Fire/ Steam Bent Barrels

The traditional bending method for an A.P. John barrel is to utilise the natural elements of fire and water. The staves are ‘raised’ together within a control hoop, the process referred to as “raising the barrel”.  (The term obliquely comes from the French “mise en rose” which literally means “setting the rose”, presumably because the unbent staves looks like an open flower). After the first three raising hoops have been driven, the ‘rose’ or ‘shook’ is ready for bending.

The staves are prepared for bending by placing the ‘open petals’ of the ‘rose’ or ‘shook’ facing down.  While over the brazier, the barrel is frequently sprinkled with water.  The heat from the brazier combined with the water to steam the wood, ensuring the oak is pliable to bend.  This traditional method of bending has been employed and refined at A.P. John for over 120 Years.
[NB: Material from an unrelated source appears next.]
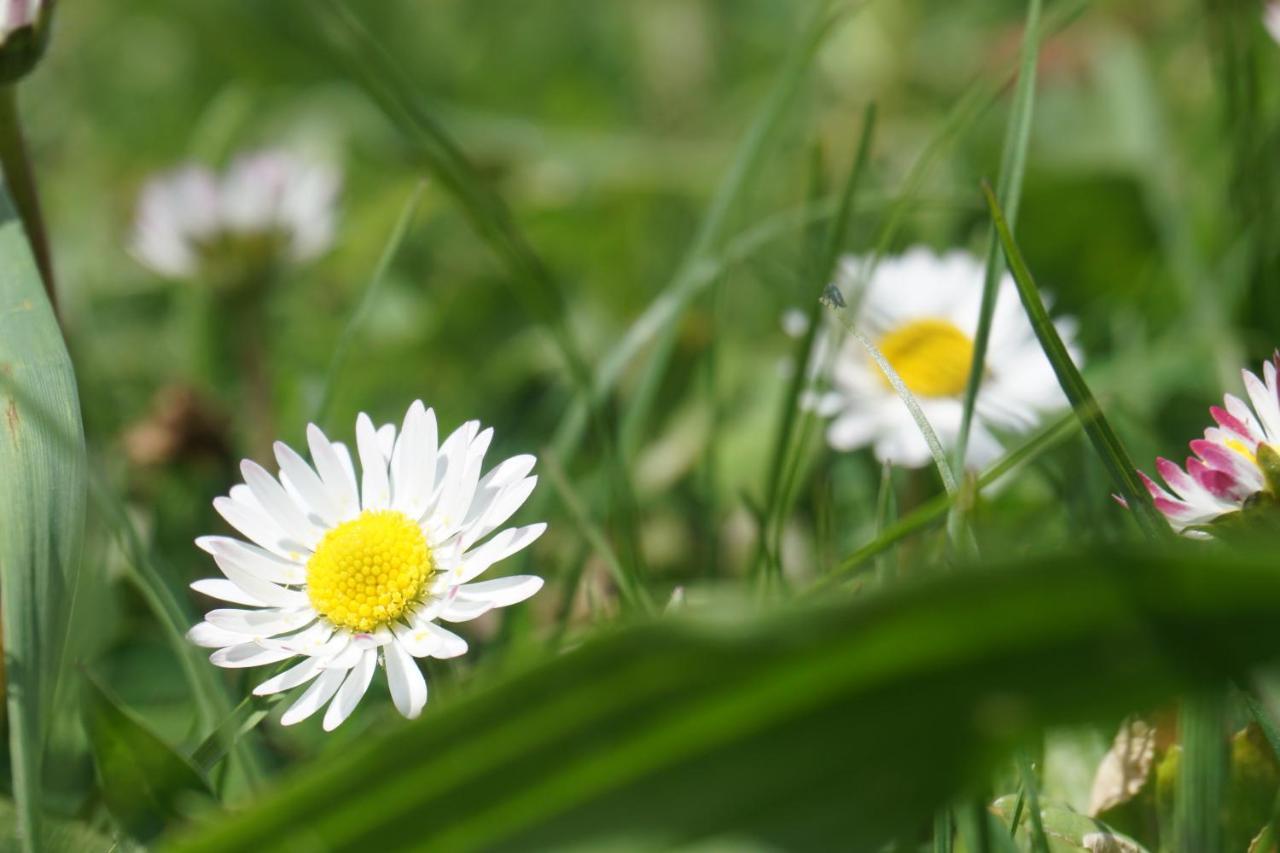 Appartements Blumenwiese Ramsau am Dachstein Zewnętrze zdjęcie
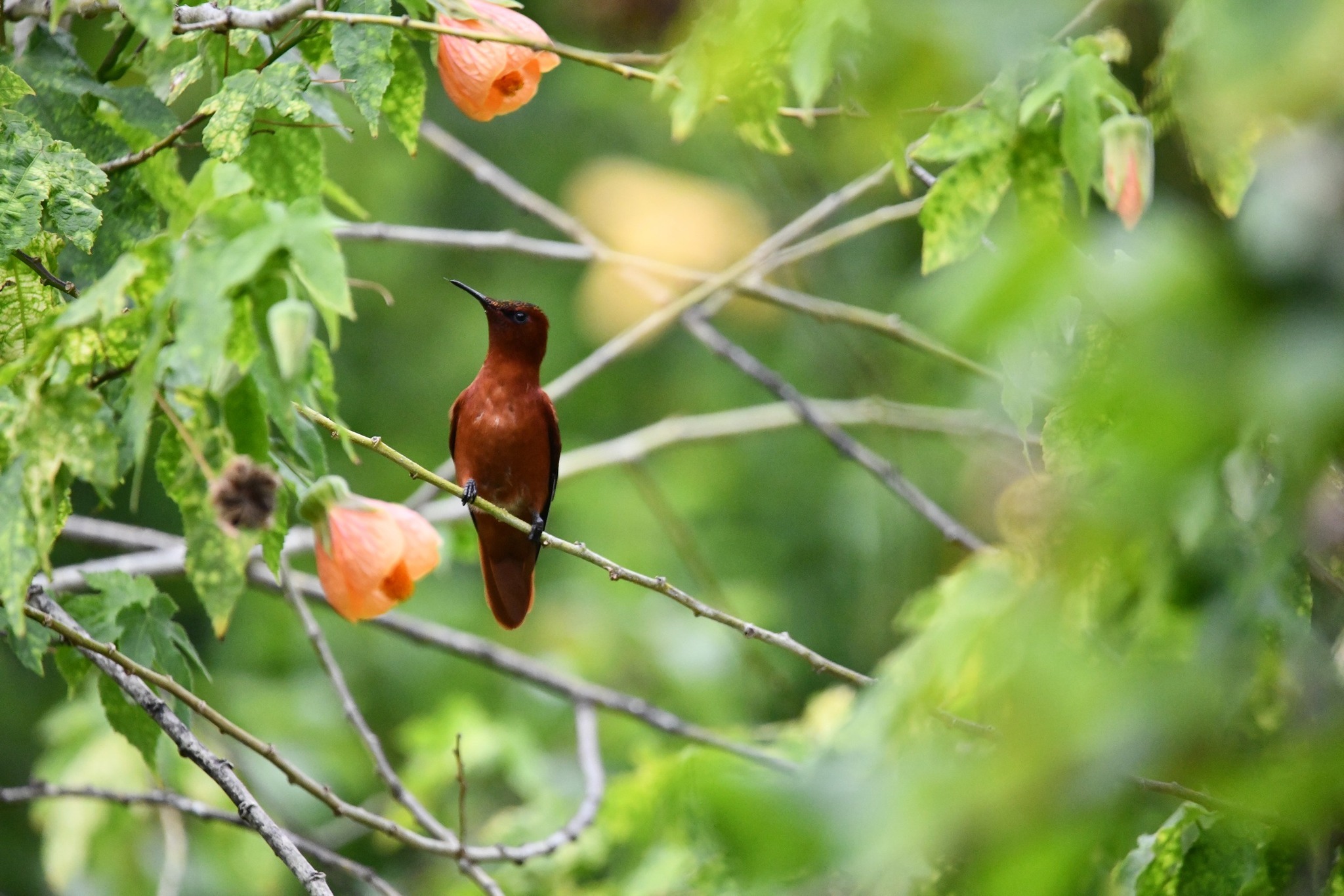Juan Fernandez Firecrown (Sephanoides fernandensis), photo 3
This bend process coupled with our unique toast formulae ensure a complex array of lifted aromatics.

Immersion Bent Barrels  

Apart from the Traditional - fire/steam barrel bending technique, for the past 15 years, A.P.John Coopers have also crafted oak barrels utilising the barrel bending technique that requires the ‘Immersion’ of the barrel “shook” in a hot tank of water.  This type of bending process, commonly known as ‘Immersion Bend,’ is a technique that evolved due to the necessity to bend harder/ less pliable oaks into barrel.  When applied to the more traditional wine oaks such as Quercus Petraea & Quercus Alba, some distinctive characteristics provide a unique flavour proposition for your varietals.

When ‘Immersing’ the shook into the tank, we are able to leach further oak tannins from the wood than we would otherwise do when ‘Fire bending’.  This generally implies that the final oak reaction with wine in this barrel type is quite subtle.  Experiences with tastings have also revealed that this bend type can assist with mid palate oak structure and length.  We also note the absence of guaiacols (charr) when toasting with this bend type.

Integration time with wine varies with regard to the cultivars but we generally note that it will take place from 3 through to 12 months.